Antonio Herraiz

DESDE EL ALTO TAJO

Antonio Herraiz


Lecciones de vida

15/10/2021

Ocurre cada día en pleno centro de Bilbao, pero es una historia que puede repetirse en cualquier ciudad. Junto al número 57 de la calle Rodríguez Arias de la capital vizcaína dos hombres mantienen una conversación. Les separan 40 años de vida y les une el destino más benigno. A un lado, Evans Isibor, un nigeriano que tiene 34 años y que lleva más de diez en España. Junto a él, en una silla de plástico portátil, cada día se sienta César de Miguel, un profesor de Informática de la Universidad de Deusto ya jubilado. Evans no domina bien el español y en un cartel que le acompaña deja claras sus intenciones: «Por favor, ayúdame para trabajar. Dios te bendiga».
Hace ya algunos meses que César se fijó en Evans. No siempre nos detenemos en el que pide ayuda. Lo habitual es girar la cara, mirar hacia otro lado, como si la miseria y la pobreza fueran contagiosas. César le preguntó por sus inquietudes y el profesor le prestó ayuda. Evans quiere sacarse la ESO como paso previo a un módulo de FP que le permita incorporarse al mercado laboral con ciertas garantías. A diario, repasan en la calle la lección de lengua, matemáticas, o lo que toque. Da igual si hace frío, llueve o sopla el viento del norte. Luego Evans acude a clase donde está matriculado para comprobar que tiene aprendida la lección. El idioma es su asignatura pendiente, pero va por el buen camino.
Hemos contado esta historia en la radio y al escucharla me ha recordado una situación paralela -con su evidente distancia- que he mantenido guardada en el cajón de la memoria por una mezcla de nostalgia y de pudor mal entendido. La formación de mis padres era limitada. Apenas habían podido ir a la escuela, donde aprendieron los estudios básicos y poco más. Cuando se ponían a repasar o a resolver los deberes con nosotros, no siempre disponían de los conocimientos necesarios para ayudarnos. Yo tuve la suerte de contar con el paraguas de mis hermanas, que eran unos pocos años más mayores que yo y abrieron camino. En cambio, ellas no tuvieron esa opción.
No una vez, ni dos, ni tres. Fueron muchas. Cuando se atragantaba un problema de matemáticas, un apartado de lengua o un ejercicio de inglés y la frustración inundaba la habitación de estudio surgía la posible solución. Mi padre copiaba en un folio la duda en cuestión o directamente cogía el libro donde aparecía lo que no habían podido resolver. Sin perder tiempo, se lo llevaba a cualquier lugar donde él creía que se iba a encontrar a estudiantes de cursos más avanzados para los que las dudas pendientes serían pan comido.
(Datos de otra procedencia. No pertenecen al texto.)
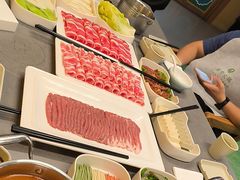 -君邦火锅(新疆大厦店)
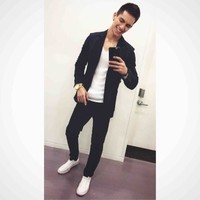 Sergio Marquez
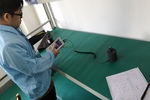 選擇無鹵防靜電臺墊，守護產品質量與員工健康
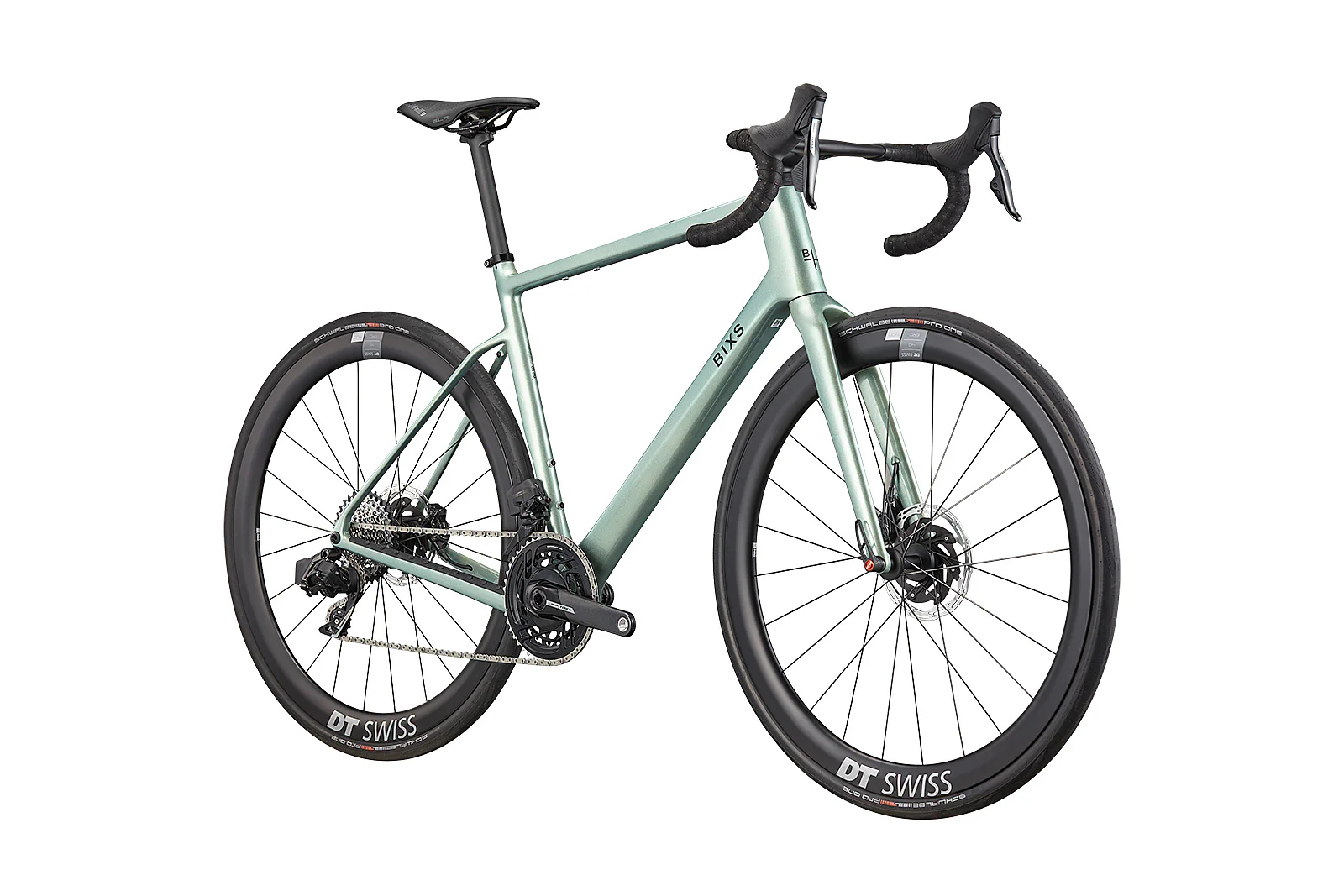 BiXS Gran Turismo AR 1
Mis padres podían haberlo dejado sin terminar y que al día siguiente el profesor hubiera explicado la respuesta. Nada de eso. Entonces había ese espíritu del deber cumplido, ese innato sentido de la responsabilidad que les obligaba a ir a donde hiciera falta. Recuerdo acompañarle en alguna ocasión al entorno de la Biblioteca Provincial -entonces en el Palacio del Infantado- o al entorno de la plaza de Santo Domingo, junto a la iglesia de San Ginés, donde se reunían corrillos de estudiantes para poner en común lo que fuera, bien sus conocimientos o sus quimeras. Vete a saber. Nunca obtuvo una mala respuesta y siempre volvió con el problema resuelto e incluso con una explicación que le permitiera trasladar después a mis hermanas.  
No todo está perdido. La lección diaria del profesor jubilado de Deusto nos permite reconciliarnos una vez más con la vida y a mí me ha hecho recordar parte de la historia de una vida familiar en la que también nos encontramos con algún que otro César de Miguel, aunque con unos cuantos años menos.